Where is the D deep learning library?

jmh530 via Digitalmars-d digitalmars-d at puremagic.com
Mon Jun 27 20:29:46 PDT 2016


On Monday, 27 June 2016 at 22:17:55 UTC, Martin Nowak wrote:
> On 06/27/2016 08:13 PM, Guillaume Piolat wrote:
>> Not yet, but it could be useful for new types of audio effects 
>> and specific tasks like voiced/unvoiced detection.
>
> There are many simpler solutions for that than using machine 
> learning. Writing a simple neural network with backpropagation 
> is fairly trivial, if you had that in mind to emulate existing 
> audio effects, not sure if it works well though.

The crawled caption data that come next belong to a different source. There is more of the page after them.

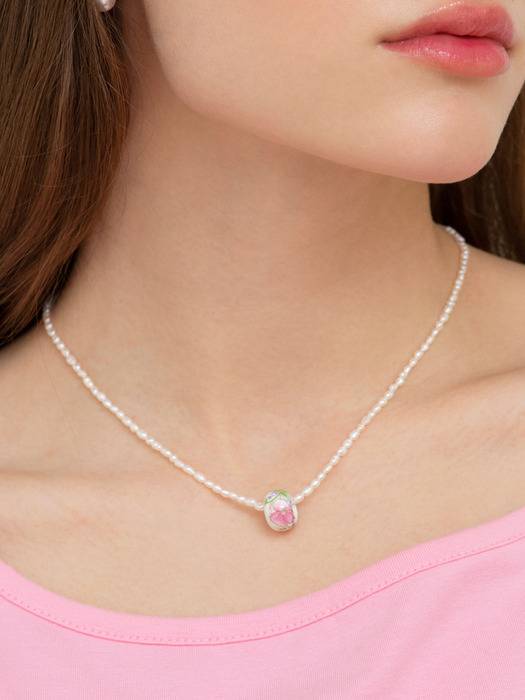 flower ceramic pearl necklace (PINK)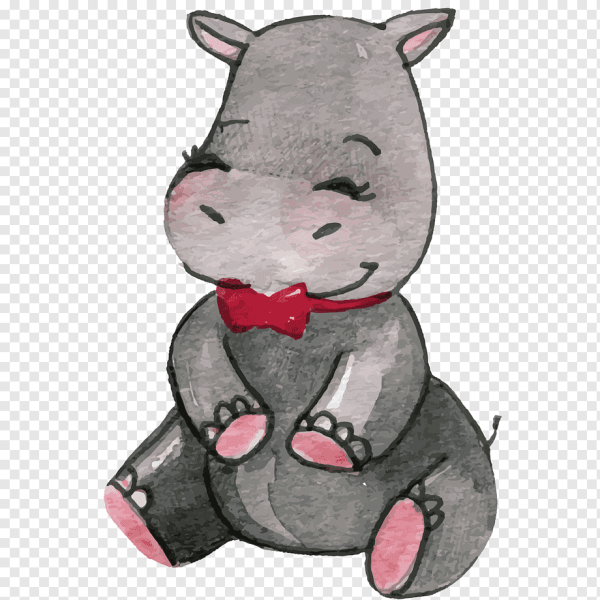 Бегемотик акварель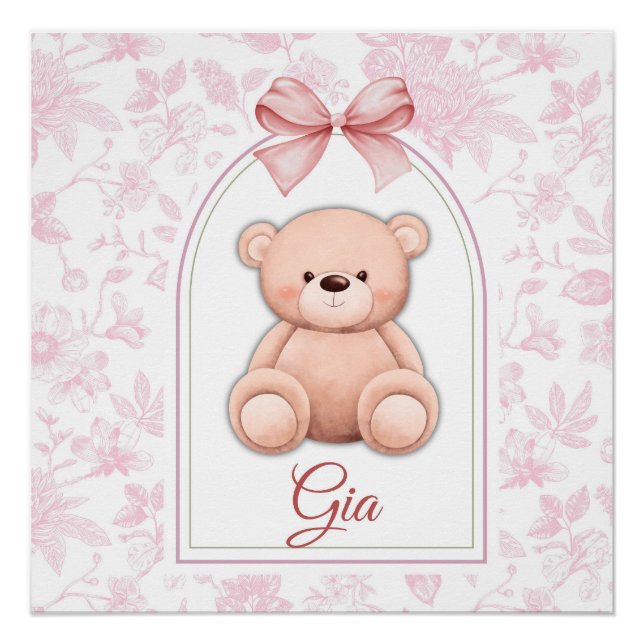 Poster Gia | Conception personnalisée d'ours en peluche r (Devant)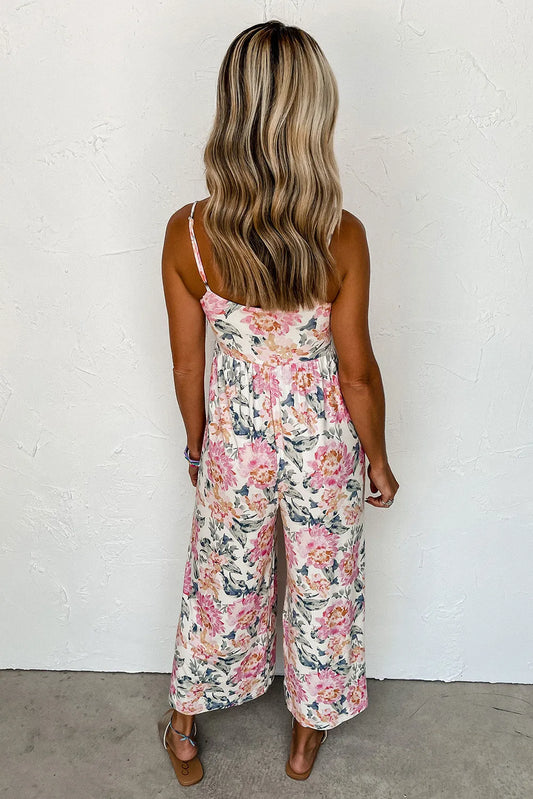 White Floral Spaghetti Straps Wide Leg Jumpsuit - Chic Meadow Boutique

I could probably write a simple backpropogation one, but I would 
probably screw something up if I wrote my own convolutional 
neural network.

My suggestion is that anyone interested in deep learning might 
want to break it up into some more manageable projects.

For instance, one of the features of TensorFlow is 
auto-differentiation. This means that you can provide it 
arbitrary functions and it will calculate the gradients for you 
exactly instead of relying on numerical estimates. autodiff 
involves building an AST for a function and then walking it to 
generate the gradient. A D autodiff library would probably be 
easier to write than a comparable one in other languages since it 
could take advantage of all the compile time functionality.

Alternately, TensorFlow also works well with heterogeneous 
systems, so any work that improves D's capabilities with 
OpenCL/CUDA or MPI would be something that might make it easier 
to develop a D Deep Learning library.